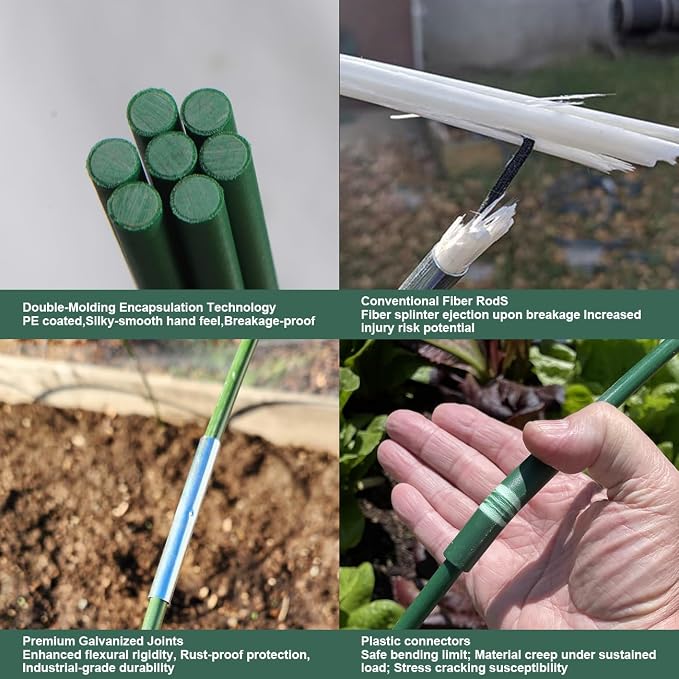 60PCS Garden Hoops for Raised Beds & 30PCS Tomato Clips, Greenhouse Hoops for Netting, Rust-Free Diameter 0.23” Plant Support Garden Stakes Can Cover 2.8ft-3.5ft in Width (60PCS+30 Clips)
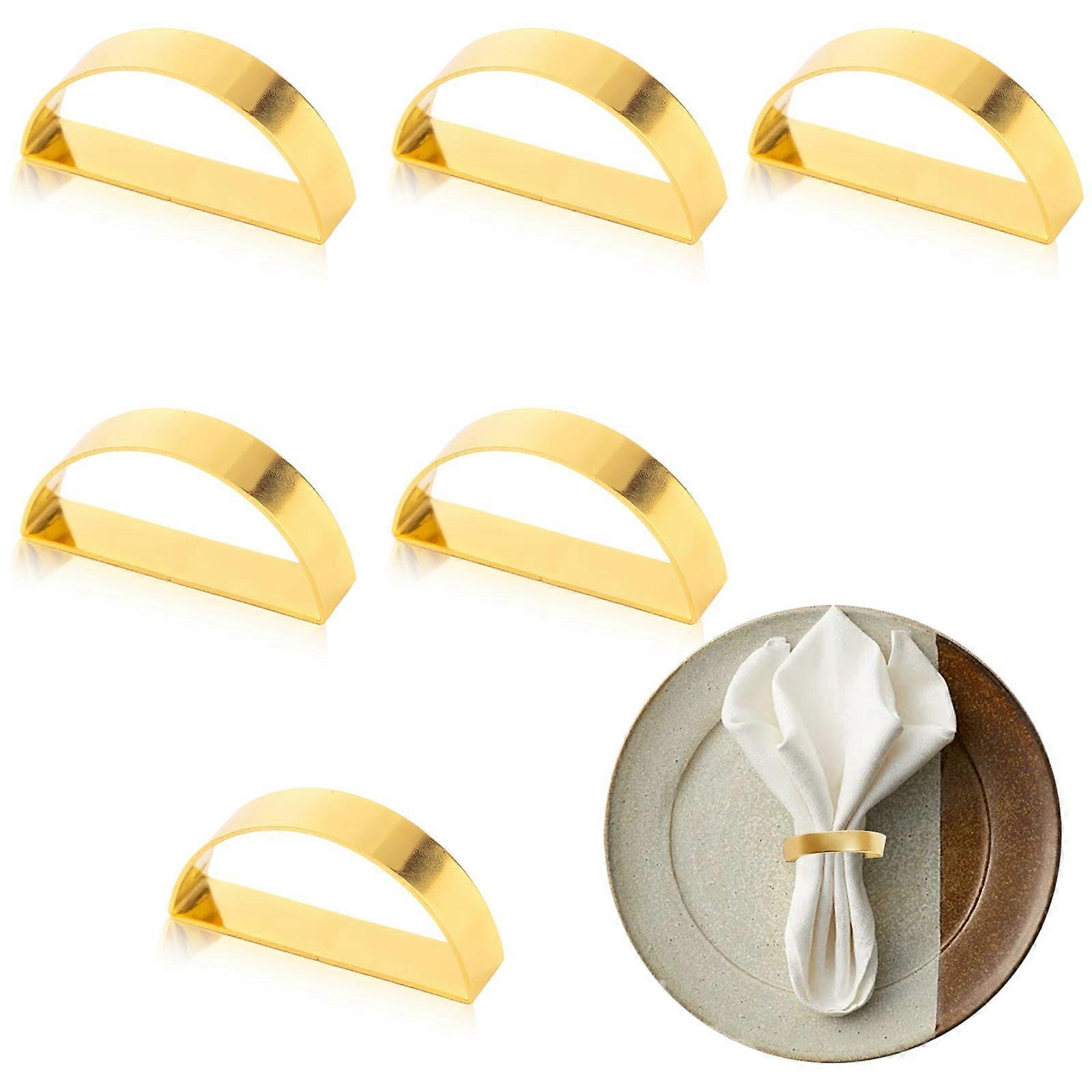 6pcs Napkin Rings - Gold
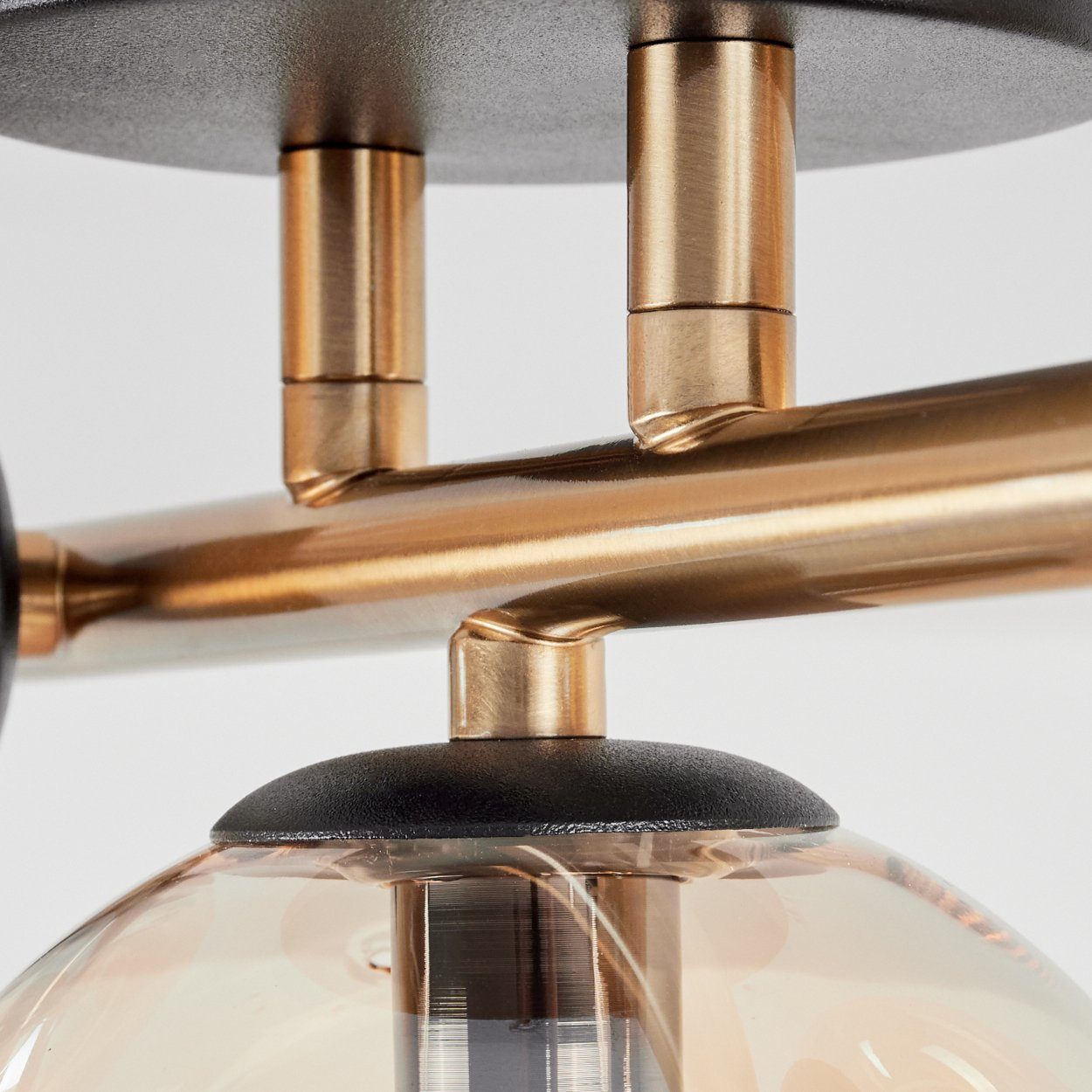 hofstein Deckenleuchte »Isorella« Deckenlampe aus Metall/Glas in Schwarz/Messing/Bernstein, ohne Leuchtmittel, 3000 Kelvin, m. Schirmen Glas, G9 LED, 240 Lumen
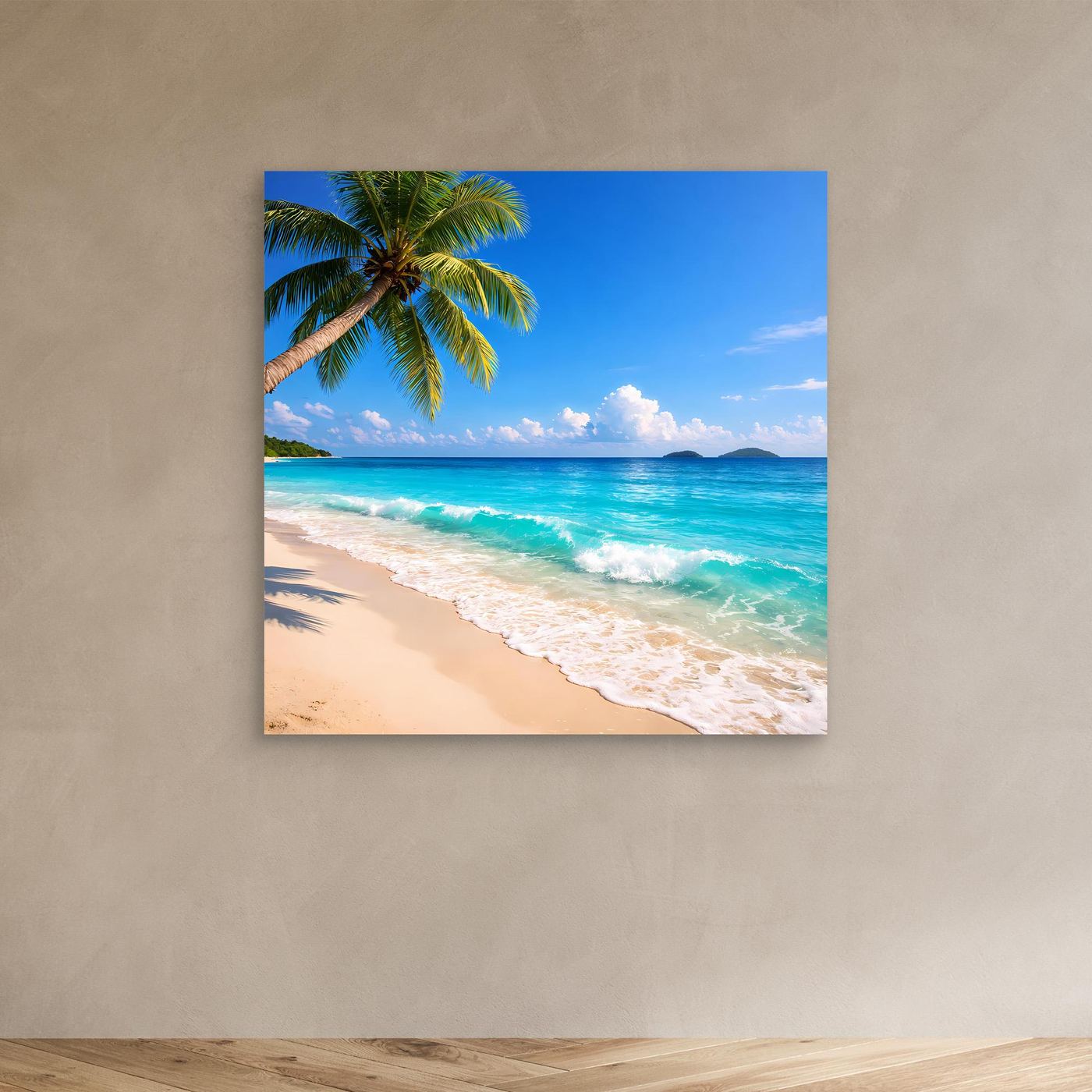 Leinwandbild tropischer Strand mit Palme über dem Sand, türkisfarbenes Wasser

### EXERCISE OBJECTIVE
Pictures aside, reproduce the listing above exactly.

### SOLUTION FOR THIS EXERCISE
 60PCS Garden Hoops for Raised Beds & 30PCS Tomato Clips, Greenhouse Hoops for Netting, Rust-Free Diameter 0.23” Plant Support Garden Stakes Can Cover 2.8ft-3.5ft in Width (60PCS+30 Clips)
 6pcs Napkin Rings - Gold
 hofstein Deckenleuchte »Isorella« Deckenlampe aus Metall/Glas in Schwarz/Messing/Bernstein, ohne Leuchtmittel, 3000 Kelvin, m. Schirmen Glas, G9 LED, 240 Lumen
 Leinwandbild tropischer Strand mit Palme über dem Sand, türkisfarbenes Wasser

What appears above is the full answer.